Iniciativas na cidade holandesa de Eindhoven, uma região de terras agrícolas pobres e recursos de matéria-prima escassos, são exemplos de grande colaboração entre atores. “As pessoas tiveram que gerar uma renda: a única maneira de sobreviver e crescer era fazer isso juntas”, aponta a pesquisadora. “Como os desafios de hoje são considerados complexos e interconectados, a cooperação se torna ainda mais importante”, assevera.
Laboratórios vivos no Brasil – No Brasil, destacam-se o Living Lab Habitat, que estrutura uma rede de projetos sociais, de educação, de pesquisa & desenvolvimento e de extensão universitária em Vitória, no Espírito Santo.
O Amazonas Living Lab é outro exemplo de laboratório vivo que integra empresas e setor público na cooperação com organizações de pesquisa e usuários dirigidos a aumentar o valor econômico, ambiental e social relacionados à cultura de inovação tecnológica e educação ambiental na região amazônica.
O Instituto de Desenvolvimento e Tecnologia (INdT), antigo Instituto Nokia de Tecnologia, que por meio de isenções fiscais estabelecidas pela Lei de Informática (8.387/91) desenvolve pesquisas e produtos para a redução de custos e maior eficiência nos processos.
Há ainda o Núcleo de Cidadania Digital (NCD), um programa de extensão da Universidade Federal do Espírito Santo (UFES) que oferece produtos e serviços para a comunidade a fim de promover a inclusão digital e estimular o exercício da cidadania por meio de ferramentas tecnológicas. Com apoio da Petrobrás e da Prefeitura de Vitória, faz a interação entre a Universidade e a sociedade civil.
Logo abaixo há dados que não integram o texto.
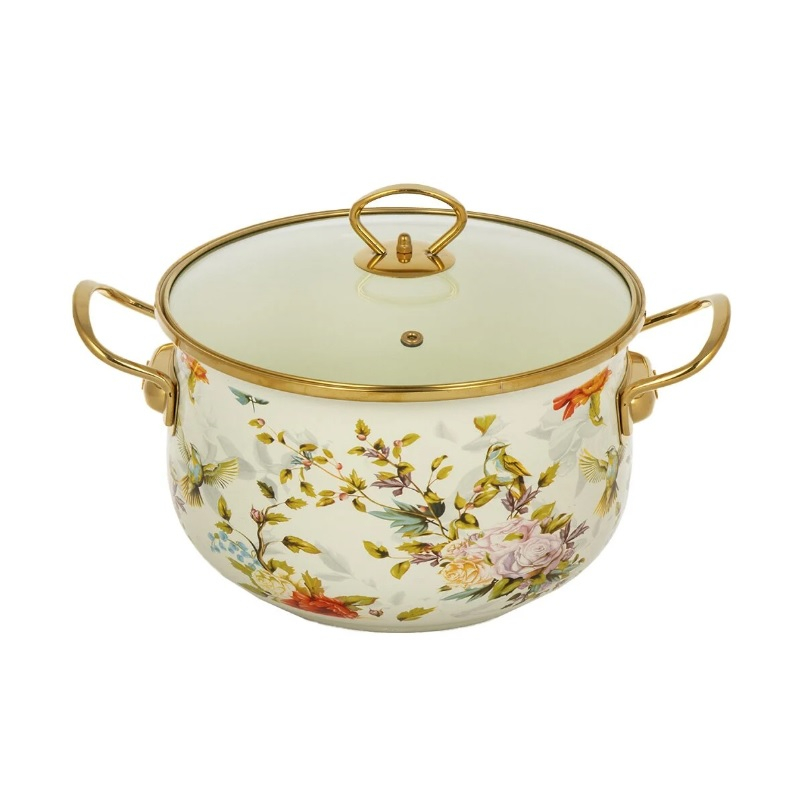 Кастрюля Daniks эмалированная сталь, 5,5 л, с крышкой, крышка стекло, Elisa, Y4-8962, индукция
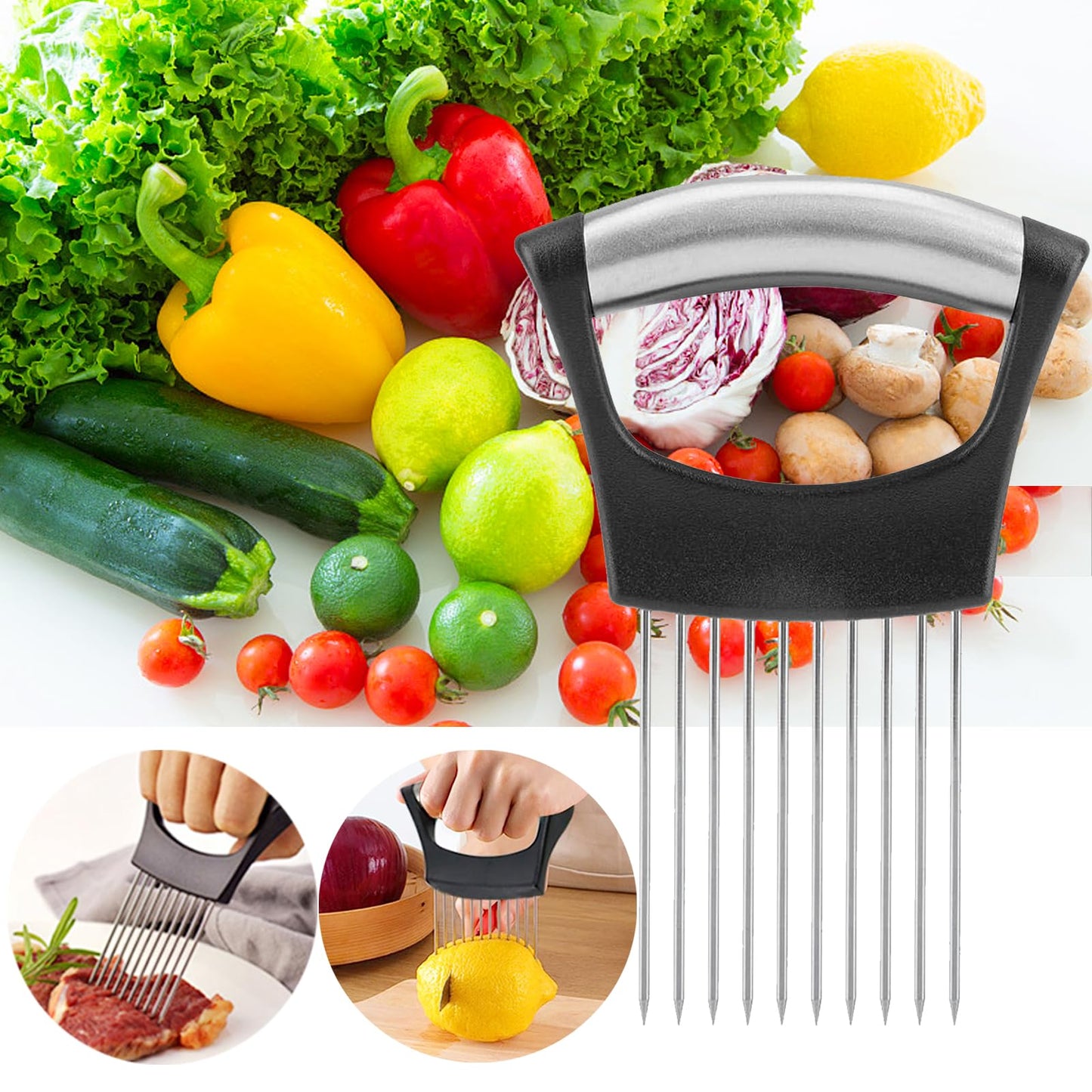 JAYVAR Onion Holder for Slicing, Onion Cutter Vegetable Chopper, Stainless Steel Tomato Slicer Vegetable Cutter for Potato, Avocados, Eggs, Food Slicer Assistant Tool for Fruit Lemon and Meat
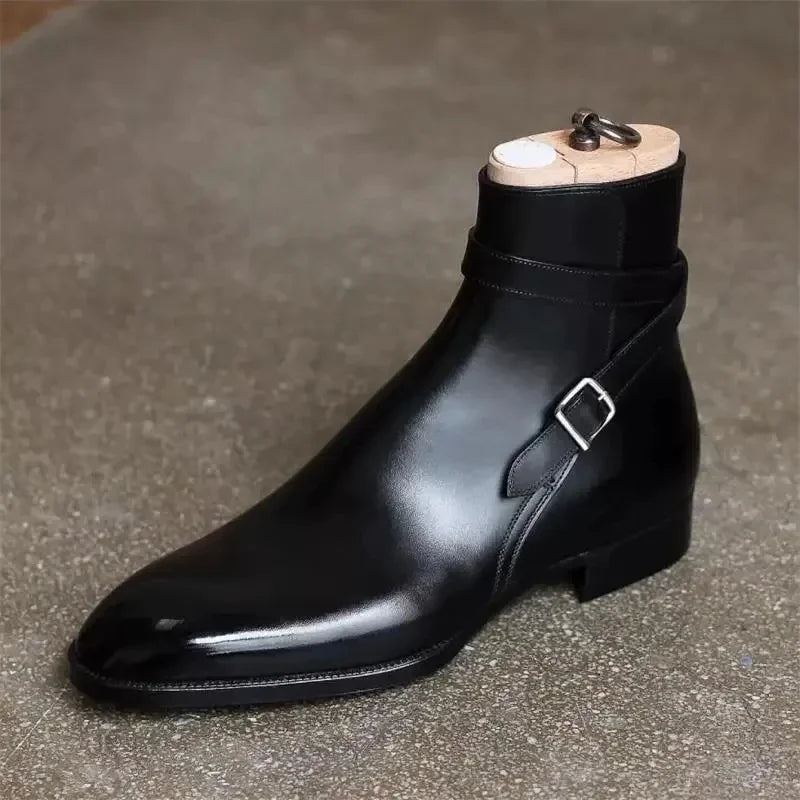 Men's ankle boots with square toe and buckle strap
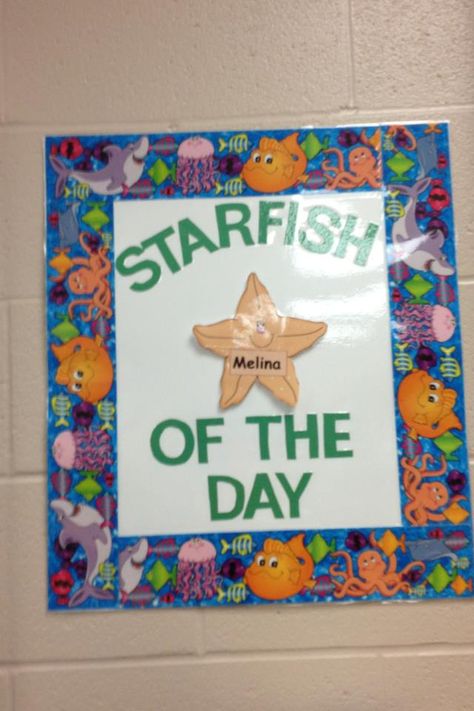 Ocean-themed 'starfish of the day' sign for Grade two classroom. Birthday Board Preschool, Happy Classroom, Preschool Ocean, Beach Theme Classroom, Nautical Classroom, Birthday Board Classroom, Ocean Theme Preschool, Ocean Classroom, Ocean Theme Classroom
O HIDS pode servir como um território de testes de tecnologias e/ou produtos que auxiliem no cumprimento dos 17 ODS (Objetivos do Desenvolvimento Sustentável) da ONU, com forte potencial para encomendas específicas de governos dos diversos níveis. Esta abordagem permite avaliar o desempenho de um produto/tecnologia a partir da sua adoção potencial pelos usuários de determinado território e fazer projeções para sua adoção em termos globais. Alguns exemplos de aplicações já estão sendo construídas a partir de experiências na Unicamp, juntamente com parceiros como a SANASA, a CPFL e o Centro Von Braun. Dentre esses temas estão: água, energia, alimentos, avaliação de sustentabilidade, direitos humanos e monitoramento de dados.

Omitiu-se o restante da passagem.